YOUR TASK — Reproduce the records below exactly, but only between the lines holding "Villa ou maison" and "Prix d'usine pour", inclusive.

RECORDS SHOWN —
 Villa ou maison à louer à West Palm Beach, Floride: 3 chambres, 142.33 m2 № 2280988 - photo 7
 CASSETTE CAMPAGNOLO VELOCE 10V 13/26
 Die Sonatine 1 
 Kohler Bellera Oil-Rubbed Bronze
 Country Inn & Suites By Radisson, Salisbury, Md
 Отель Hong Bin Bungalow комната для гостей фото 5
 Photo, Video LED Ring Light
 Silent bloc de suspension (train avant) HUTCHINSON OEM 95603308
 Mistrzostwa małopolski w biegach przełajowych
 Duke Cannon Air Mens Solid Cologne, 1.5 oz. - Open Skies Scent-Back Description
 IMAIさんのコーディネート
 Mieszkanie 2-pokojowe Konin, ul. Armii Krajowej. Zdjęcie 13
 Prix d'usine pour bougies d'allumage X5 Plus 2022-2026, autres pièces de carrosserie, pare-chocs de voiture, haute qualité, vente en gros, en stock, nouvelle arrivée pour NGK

--

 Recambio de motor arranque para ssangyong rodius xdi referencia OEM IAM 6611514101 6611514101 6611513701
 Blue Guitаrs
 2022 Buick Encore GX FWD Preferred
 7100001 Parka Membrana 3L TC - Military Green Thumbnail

ANSWER BOX —
 Villa ou maison à louer à West Palm Beach, Floride: 3 chambres, 142.33 m2 № 2280988 - photo 7
 CASSETTE CAMPAGNOLO VELOCE 10V 13/26
 Die Sonatine 1 
 Kohler Bellera Oil-Rubbed Bronze
 Country Inn & Suites By Radisson, Salisbury, Md
 Отель Hong Bin Bungalow комната для гостей фото 5
 Photo, Video LED Ring Light
 Silent bloc de suspension (train avant) HUTCHINSON OEM 95603308
 Mistrzostwa małopolski w biegach przełajowych
 Duke Cannon Air Mens Solid Cologne, 1.5 oz. - Open Skies Scent-Back Description
 IMAIさんのコーディネート
 Mieszkanie 2-pokojowe Konin, ul. Armii Krajowej. Zdjęcie 13
 Prix d'usine pour bougies d'allumage X5 Plus 2022-2026, autres pièces de carrosserie, pare-chocs de voiture, haute qualité, vente en gros, en stock, nouvelle arrivée pour NGK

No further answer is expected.